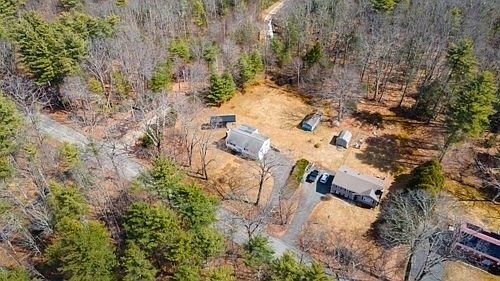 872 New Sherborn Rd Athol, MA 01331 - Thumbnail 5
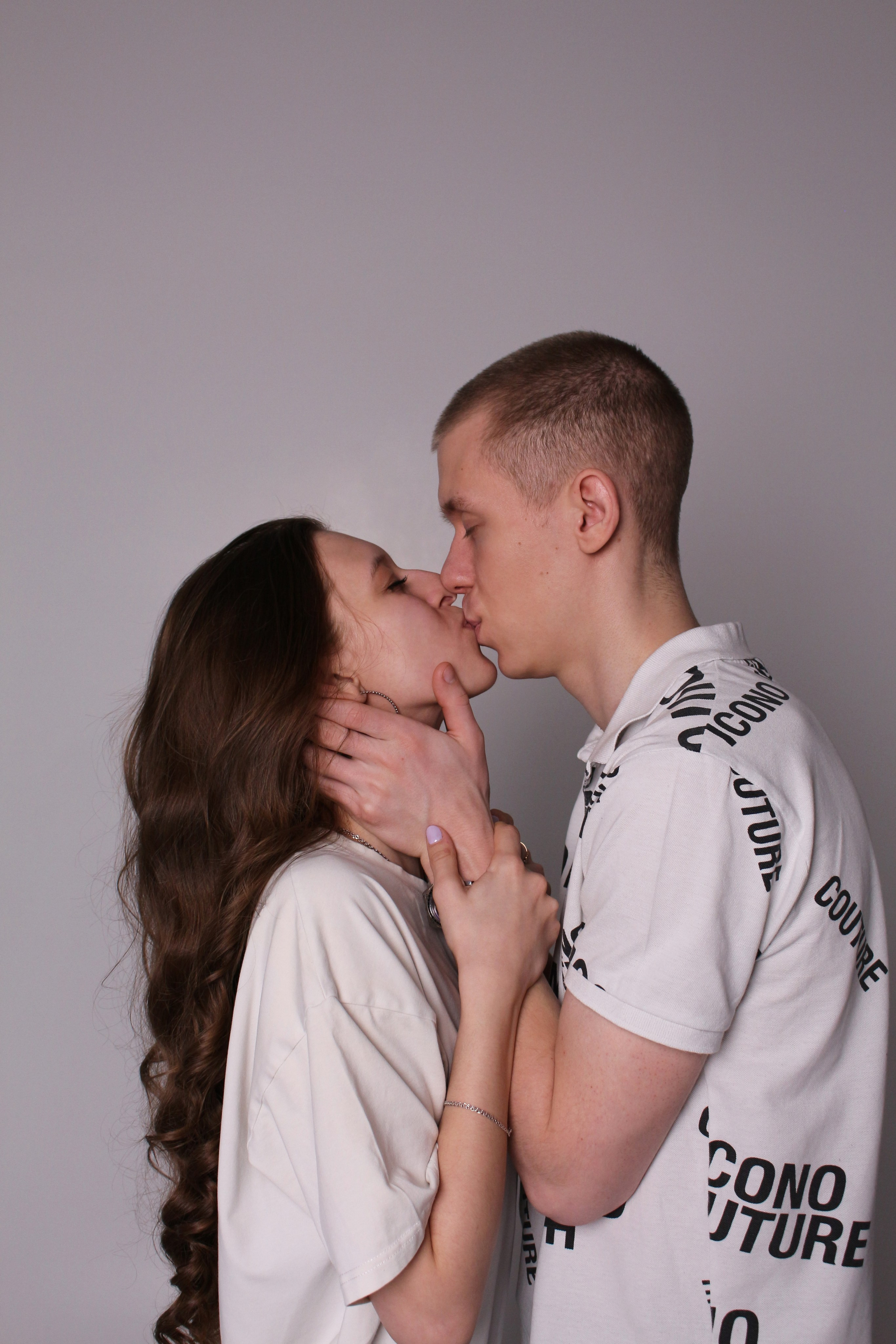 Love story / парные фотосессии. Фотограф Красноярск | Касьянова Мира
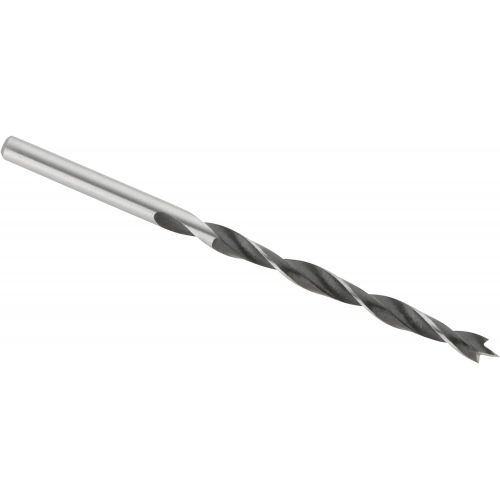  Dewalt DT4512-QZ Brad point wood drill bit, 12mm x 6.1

Your assignment
Copy all the lines of data exactly as they appear, dropping any images.

Answer space
 872 New Sherborn Rd Athol, MA 01331 - Thumbnail 5
 Love story / парные фотосессии. Фотограф Красноярск | Касьянова Мира
  Dewalt DT4512-QZ Brad point wood drill bit, 12mm x 6.1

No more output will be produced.